Setting up a Singapore Family Office

What is a Singapore Family Office (SFO)?

A Singapore Family Office usually refers to an entity which manages assets for or on behalf of only one family and is wholly owned or controlled by members of the same family. The term ‘family’ in this context refers to individuals who are lineal descendants from a single ancestor, as well as the spouses, ex-spouses, adopted children and step children of these individuals.

SFOs are exempted from engaging in fund management and financial advisory activities from licensing requirements. Under the statutory exemptions, an SFO may be exempted from licensing requirements if it was structured as either (a) a corporation which manages funds for its related corporations, or (b) a corporation that provides financial advisory services to its related corporations.

Requirements to be a SFO

MAS may consider the following to be of a SFO arrangement:

  • where there is no common holding company, but the assets managed by the SFO are directly held by natural persons of a single-family;
  • where assets are held under a  discretionary trust, the settlor of the trust and the beneficiaries are members of the same family;
  • where a family trust is set up for charitable purposes, the charitable trust is funded exclusively by settlor(s) from a single-family; and
  • where non-family members such as key employees of the SFO are shareholders in the SFO for the purpose of alignment of economic interest and risk-sharing, the initial assets and additional injection  of funds are funded exclusively by a single-family.

The business would need to have an interview with the MAS, which we will help to coordinate and prepare the client for.

Tax Exemption

After incorporation of the Single Family Office, various holding companies would be incorporated under the family office structure. There are some conditions that must be met if the corporation wants to qualify for the Enhanced Tier Fund Tax Exemption Scheme (also known as Section 13X).

For example, the office would need to hire at least three investment professionals, invest at least S$50 million into the fund entity and have local business spending of at least $200,000 a year.

The business would have to go through an interview with the MAS, which we will help to coordinate and prepare the client for as well as to see an investment strategy before granting approval for the business to qualify for Section 13X tax exemption.

The 13X exemption allows specified income derived from certain designated investments to be exempted from tax.

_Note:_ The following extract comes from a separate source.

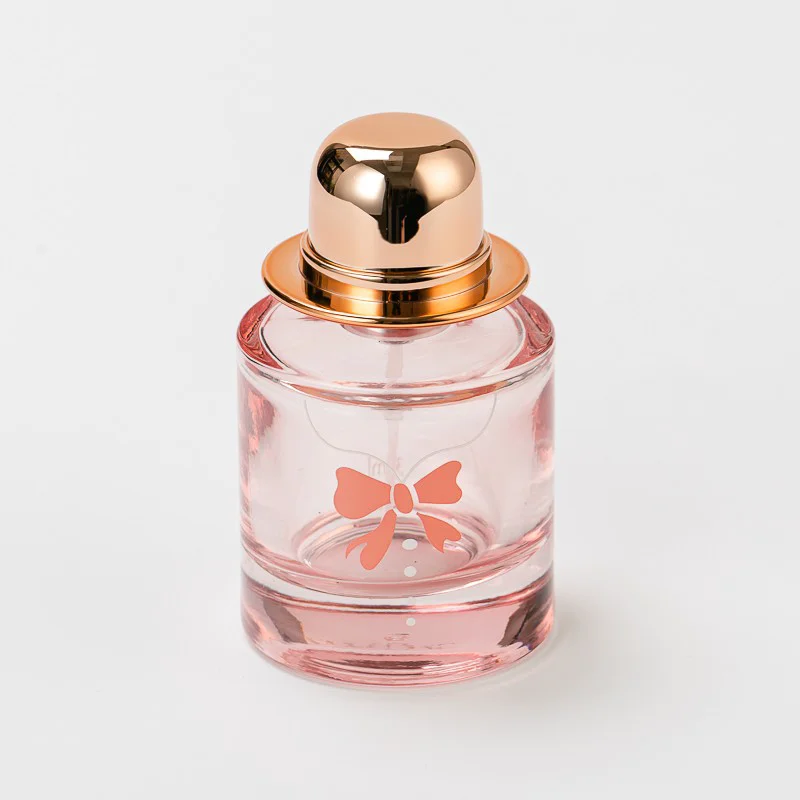 Wholesale 30ml home decor pink glass perfume bottle with hat cap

The designated investments include a wide range of assets such as stocks, shares, securities and derivatives.

Tax Incentives

Family offices in Singapore could apply for a tax incentive under the Financial Sector Incentive-Fund Management Scheme (FSI-FM) which incentivises fund management and the provision of investment advisory services in Singapore.

Under this scheme, fee income derived by a Singapore fund manager from managing or advising a qualifying fund is taxed at a rate of 10% instead of the usual corporate tax rate of 17%. 

To qualify for the scheme, a fund manager must hold a Capital Markets Services (CMS) licence, employ at least 3 experiences investment professionals earning at least S$3,500 per month and have a minimum AUM of S$250 million. This is very relevant for large family offices, where the scale of operations and the income derived from managing or advising qualifying funds could be substantial.

Operational Requirements

The company must first decide where the family office will be located in order to set up the family office. Other administrative tasks include establishing family governance guidelines and come up with a Family Constitution, opening of bank accounts, implementing IT systems for portfolio aggregation and so on.